Case 11 Table 2, a 43-year-old male patient with MGUS-induced flake-like corneal opacification in 2009 (top left) vs flake-like phenotype of congenital stromal corneal dystrophy (top middle). Thin slit beam shows that the MGUS opacity involves the whole stroma (top right). Confocal microscopy shows large bands that mask the keratocytes (bottom left) and progression of the stromal opacities on the right eye in 2012 (bottom right).

FIGURE 7

Case 11 Table 2. Top row, Left eye 12 month after penetrating keratoplasty showing no complications (left); histologic evaluation of penetrating keratoplasty specimens demonstrates irregular corneal deposits exhibiting placoid configuration (Masson’s trichrome, ×136) (middle); and transmission electron microscopy image demonstrating stromal extracellular, electron-dense deposits and on the superior part of the image normal collagen fibrils (×81,000) (right).

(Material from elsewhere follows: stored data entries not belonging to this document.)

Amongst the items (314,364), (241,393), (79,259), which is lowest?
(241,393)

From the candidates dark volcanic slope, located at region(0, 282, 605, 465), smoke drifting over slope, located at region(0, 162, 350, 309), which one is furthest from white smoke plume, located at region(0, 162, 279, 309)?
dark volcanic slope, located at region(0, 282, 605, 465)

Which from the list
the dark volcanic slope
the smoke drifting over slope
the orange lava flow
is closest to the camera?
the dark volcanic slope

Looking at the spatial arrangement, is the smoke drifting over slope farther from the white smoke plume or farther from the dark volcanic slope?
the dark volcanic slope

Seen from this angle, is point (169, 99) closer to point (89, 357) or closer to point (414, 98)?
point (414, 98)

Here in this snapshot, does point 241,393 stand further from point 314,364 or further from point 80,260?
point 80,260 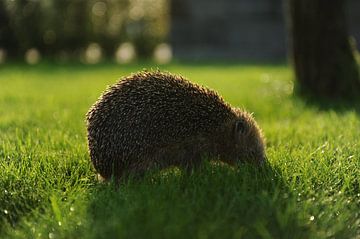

Middle row, Recurrence of stromal involvement, identical to the primary opacity pattern, in the graft of the right eye (left) and of the left eye (arrow localizing graft’s border) in 2014 (middle); protein electrophoresis of the serum with an elevated M spike (right). Bottom, OCT of the right graft showing dense stromal opacities.

FIGURE 8

Case 11 Table 2, Immunhistochemistry of the cornea in 2015 (left) showing brownish staining of subepithelial material in an immunoperoxidase reaction for IgG, and with agarose gel electrophoresis of the serum in 2015 (right) that confirms an MGUS-induced paraproteinemic keratopathy of IgG_κ light chain type, identified with blue circles; ELP, electrophoresis; G, IgG; A, IgA; M, IgM; K, kappa light chain; L, lambda light chain.